So, this has not been an easy transition. But I have come to believe 
that anyone who studies "kabbalah" must be prepared to be changed by it.  
Those who think they can "head-trip" this learning without also doing - 
observing Halacha and Mitzvot, etc. - can easily become like the 
academic "Bible scholars":  "accountants" of the tradition who know were 
all the wisdom is but who are unable to experience or really know it for 
themselves.  (There is a quotation about academic "kabbalists" by Rabbi 
Joseph Telushkin that I am paraphrasing here.)  I believe that this sort 
of non-doing, purely analytic "kabbalah" is exactly what Mishneh Ain 
Dorshin (BT Hagiga) was warning against with its strong statement about 
"mystakel" (speculation.)

Now, for your other (numbered) questions:
1. What is the source for the meanings that I quote for the letters 
Alef, Dalet, Mem(final)?  Do these letters have the same meanings in 
"dam" (Dalet-Memfinal) and in "Im" (Alef-Memfinal) and what is the 
significance of these words?

The source of the meanings I quote from includes traditional meanings 
for the letter names (as given by Rabbis Munk, Kaplan, Ginsburgh, etc.), 
and as they have been abstracted on the logical meaning matrix we have 
derived.  Our matrix assigns meanings to each letter based on their 
positions in an topologically minimal "life-cycle" or cycle of self-
organization that we have found maps onto (corresponds one to one with) 
the traditional meanings.

This message is already much too long, so I will leave the full matrix 
and a comparison chart with traditional letter names for a later 
posting.  (If anyone interested sends me your usmail address, we will 
send you printed materials that include this information.)
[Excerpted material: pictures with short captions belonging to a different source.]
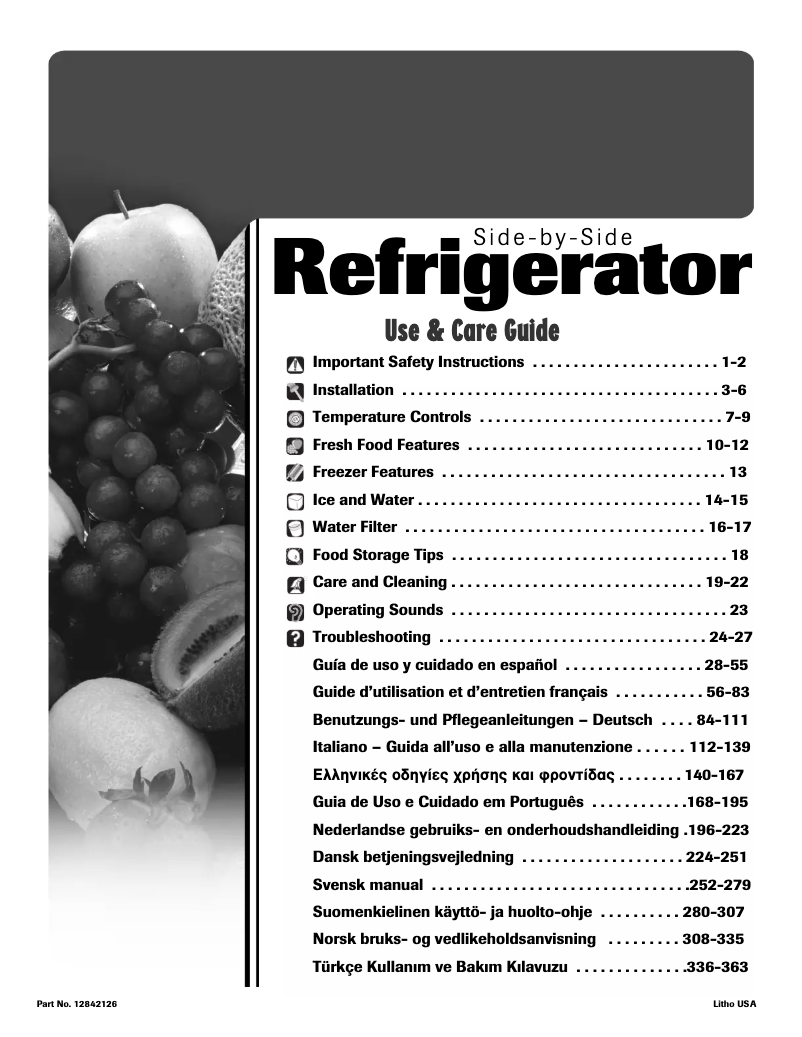 Page 1 de la notice Manuel utilisateur Amana AC 2224 PEKW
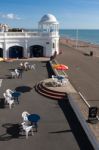 Bexhill-on-sea, East Sussex/uk - October 17 : Cafe In The Ground Stock Photo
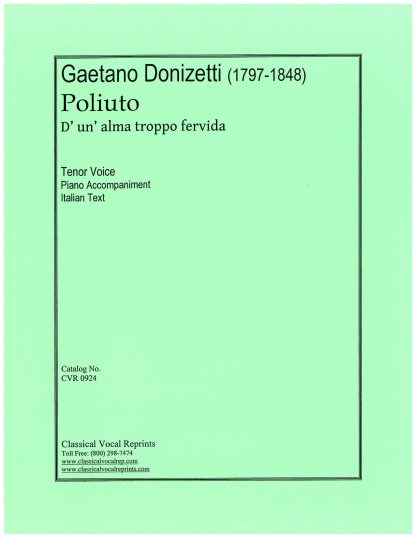 Poliuto D'un' alma troppo fervida
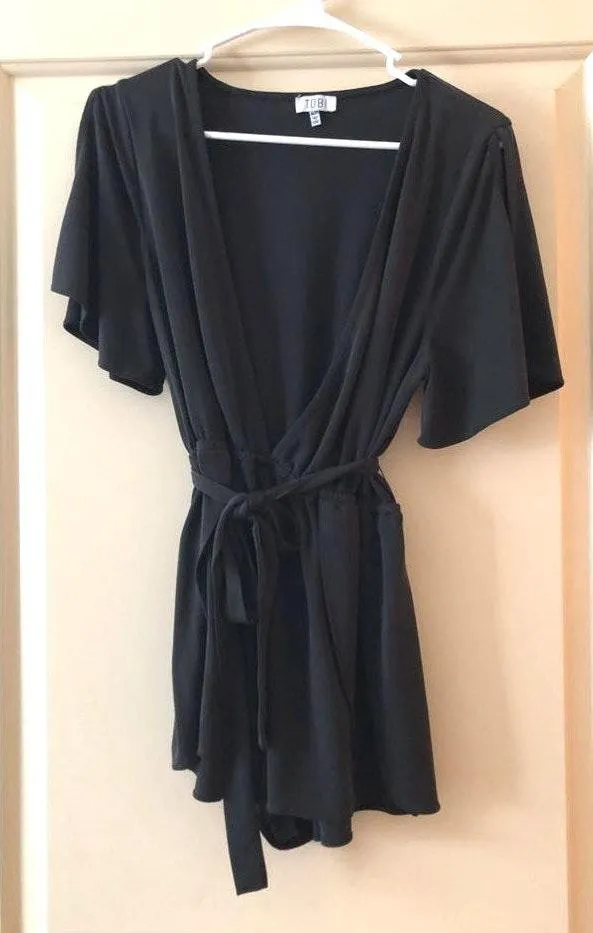 Tobi Black Romper  - Image 2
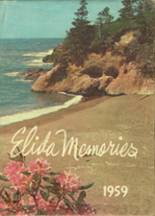 Elida High School 1959 yearbook cover photo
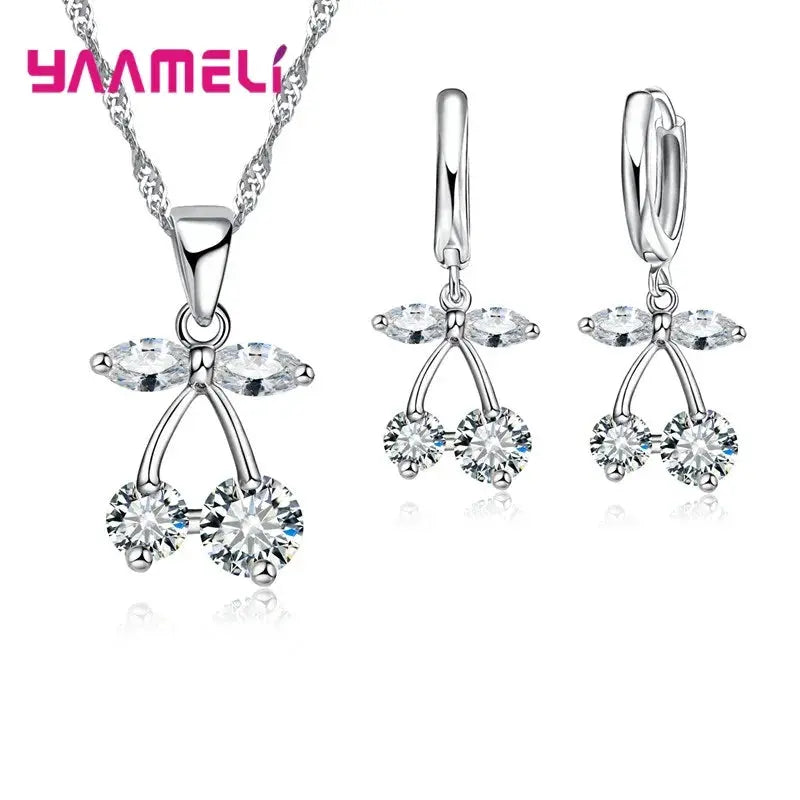.925 Sterling Silver 1/4 Cttw Miracle Set Diamond Floral Cluster 18" Pendant Necklace for Women (I-J Color, I1-I2 Clarity)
"DaM" is the common word for "blood."   Letter by letter, AT THE 
TOPOLOGICAL LEVEL, Dalet means to divide or dispense (as at a DeLTa) and 
Mem (final) refers to "the great expanse".  Final Mem terminates the 
masculine plural suffix for this same reason.  It makes (actually, it 
"hands" - Yod) the masculine singular word into an expanse.  (This is 
also why it is incorrect to translate Elokim as if it were plural.  
Elokim is Elok - expressed in the expanse of the world, it is in no way 
plural.)  So DaM refers to a dispensing expanse, or a dispensation into 
an expanse.  We know that our blood (along with lymph, etc.) is a kind 
of sea that we internalized as we became multicelled creatures. 

Similarly, Alef-Mem(final) refers to an archetype or generalization 
(Alef) of an expanse (Mem final).  This could refer to a mother or to a 
mother's womb.  Another meaning for Mem is "source" - that FROM which 
something comes - and that, as a final, can refer to the womb.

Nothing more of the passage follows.